DATA SHOWN:
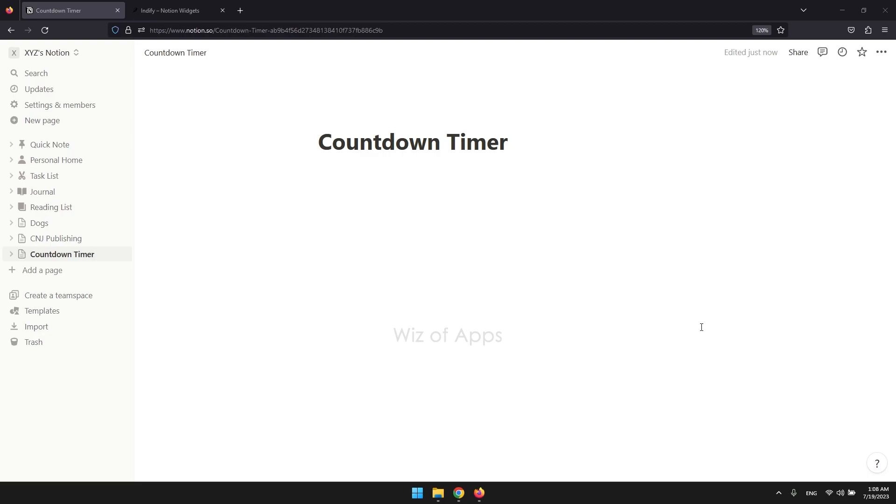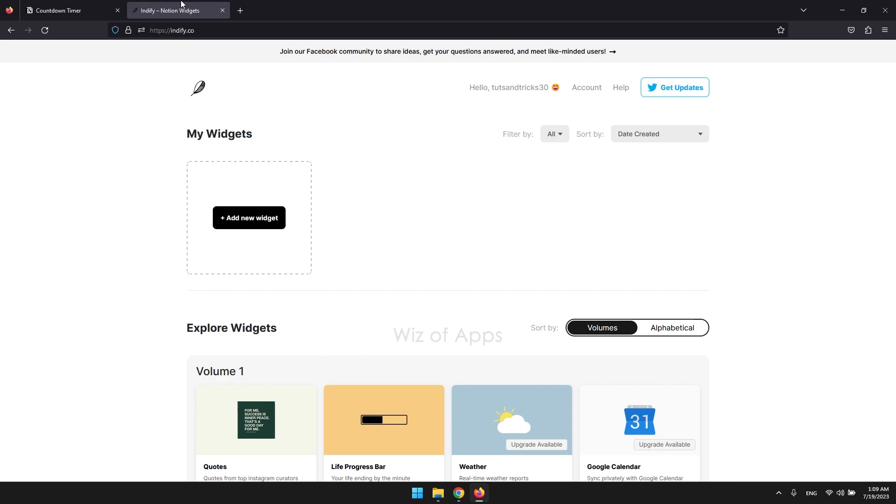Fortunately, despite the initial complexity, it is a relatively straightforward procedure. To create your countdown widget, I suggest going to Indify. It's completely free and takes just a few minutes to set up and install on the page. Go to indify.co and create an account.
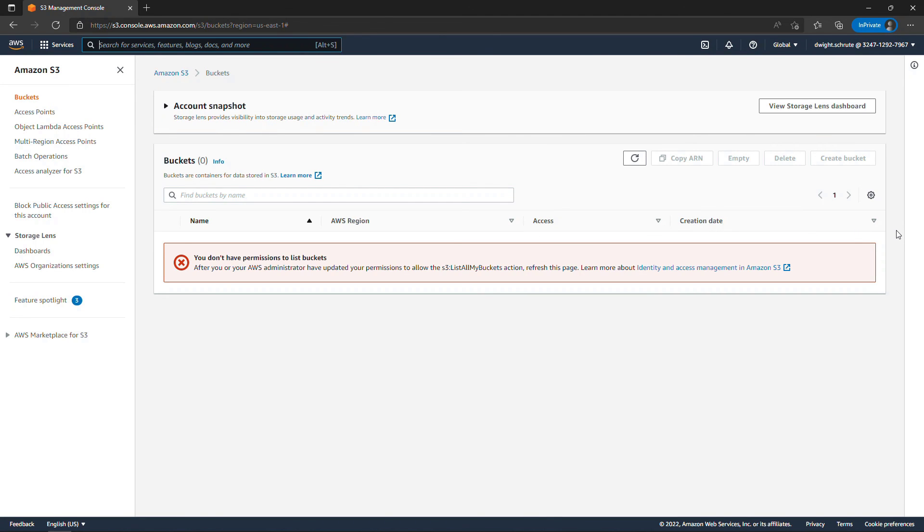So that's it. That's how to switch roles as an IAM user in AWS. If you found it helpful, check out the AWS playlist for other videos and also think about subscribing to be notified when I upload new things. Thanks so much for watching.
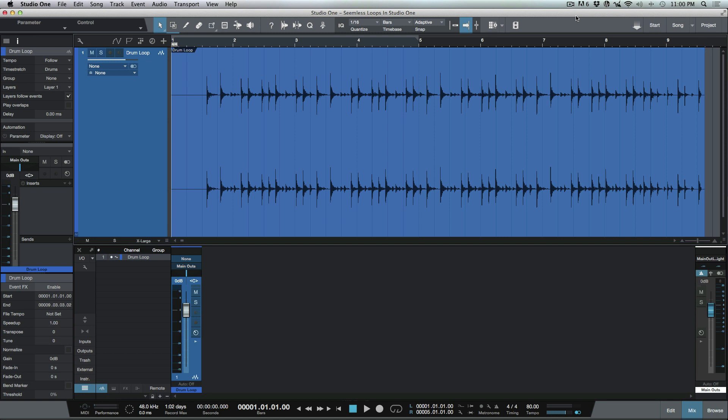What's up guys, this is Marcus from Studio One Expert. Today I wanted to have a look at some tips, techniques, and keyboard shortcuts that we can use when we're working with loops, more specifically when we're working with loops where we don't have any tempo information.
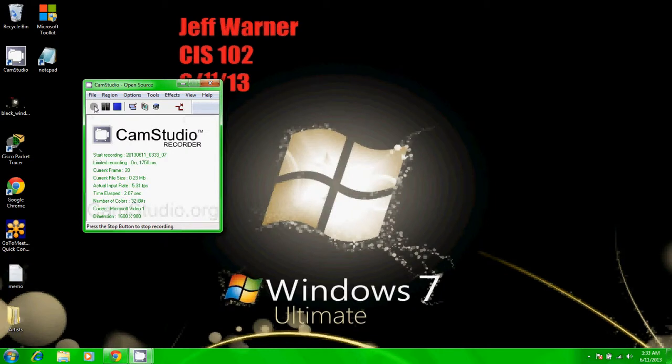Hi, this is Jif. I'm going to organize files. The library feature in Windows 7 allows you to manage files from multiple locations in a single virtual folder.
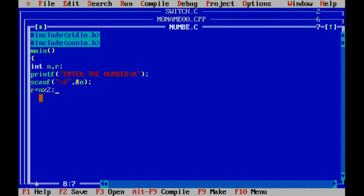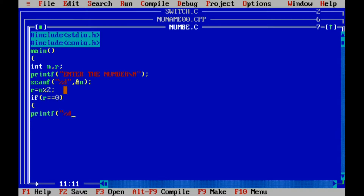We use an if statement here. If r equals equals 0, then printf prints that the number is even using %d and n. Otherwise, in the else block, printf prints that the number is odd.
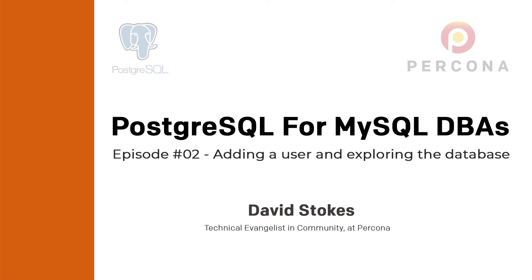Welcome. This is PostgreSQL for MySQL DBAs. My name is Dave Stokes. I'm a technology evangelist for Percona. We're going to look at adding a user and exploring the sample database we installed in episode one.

==

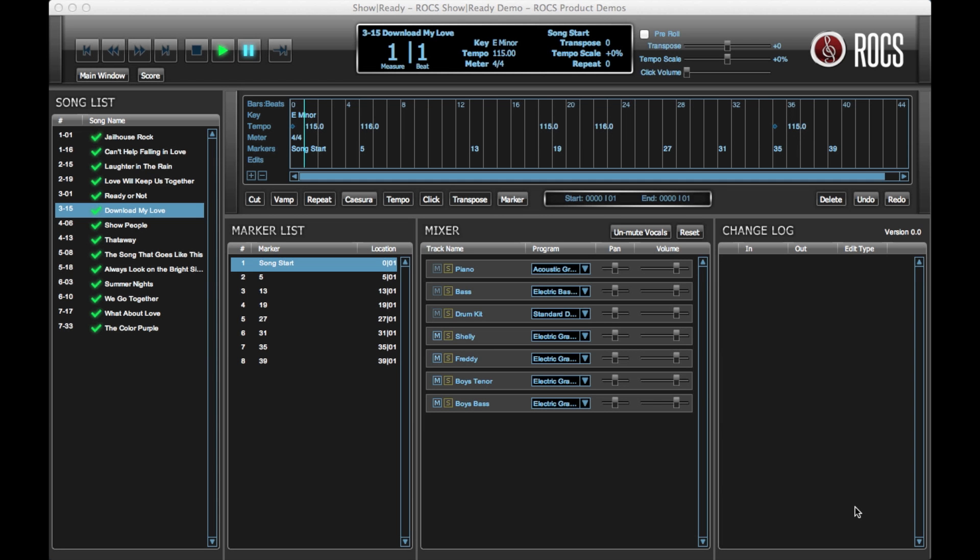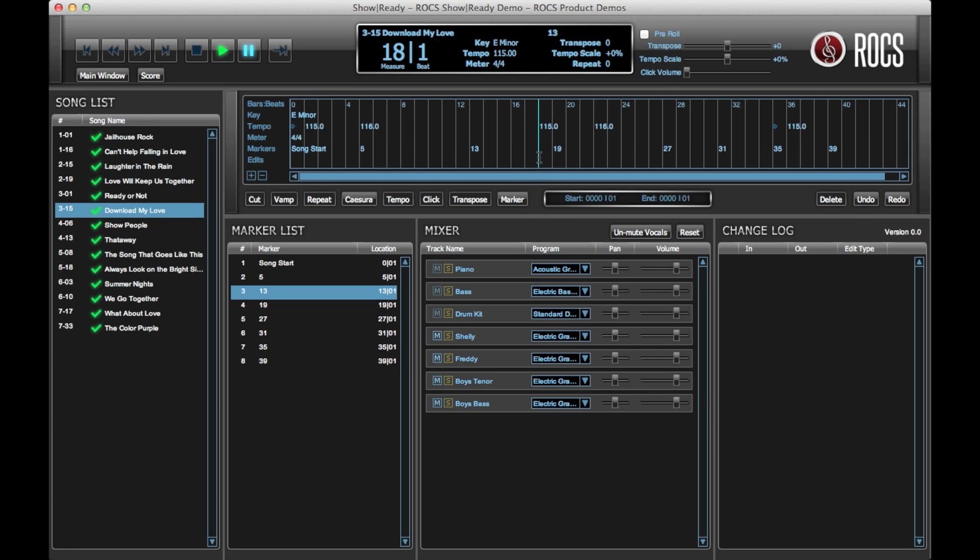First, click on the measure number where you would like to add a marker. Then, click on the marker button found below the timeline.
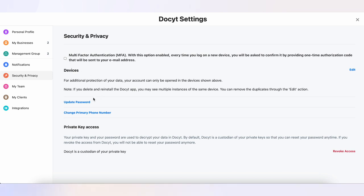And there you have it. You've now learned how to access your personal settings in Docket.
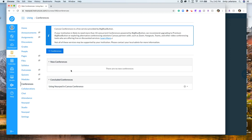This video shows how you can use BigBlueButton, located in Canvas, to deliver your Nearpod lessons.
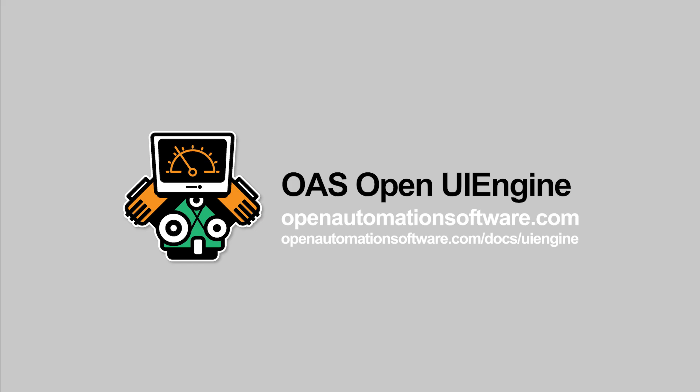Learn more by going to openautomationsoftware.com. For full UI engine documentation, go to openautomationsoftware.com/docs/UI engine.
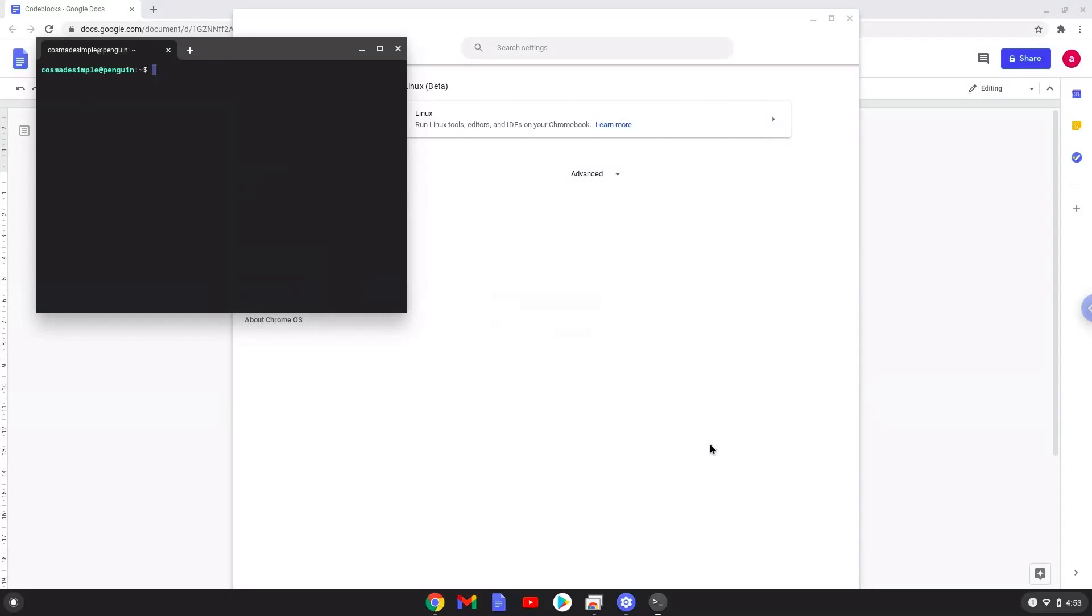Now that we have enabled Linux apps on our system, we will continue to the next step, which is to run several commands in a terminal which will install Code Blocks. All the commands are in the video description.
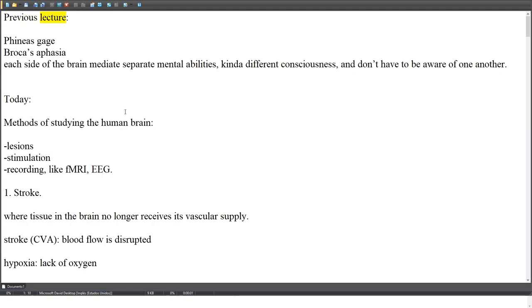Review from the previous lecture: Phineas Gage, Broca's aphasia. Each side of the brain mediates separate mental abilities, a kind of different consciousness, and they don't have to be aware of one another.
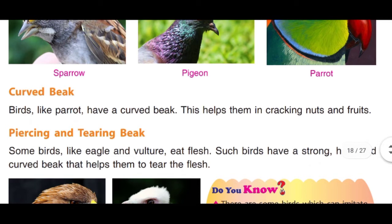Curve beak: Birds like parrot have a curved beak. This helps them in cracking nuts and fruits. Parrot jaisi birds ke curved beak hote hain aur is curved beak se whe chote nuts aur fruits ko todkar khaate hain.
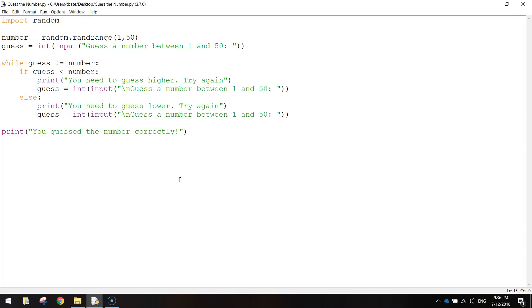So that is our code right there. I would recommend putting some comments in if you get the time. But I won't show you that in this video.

WHAT TO PRODUCE: Extract the part of the records that opens with the line containing "This video shows" and closes with the line containing "Review from the". Take only those lines, exactly, and no pictures.

TASK RESPONSE:
This video shows how you can use BigBlueButton, located in Canvas, to deliver your Nearpod lessons.
Learn more by going to openautomationsoftware.com. For full UI engine documentation, go to openautomationsoftware.com/docs/UI engine.
Now that we have enabled Linux apps on our system, we will continue to the next step, which is to run several commands in a terminal which will install Code Blocks. All the commands are in the video description.
Review from the previous lecture: Phineas Gage, Broca's aphasia. Each side of the brain mediates separate mental abilities, a kind of different consciousness, and they don't have to be aware of one another.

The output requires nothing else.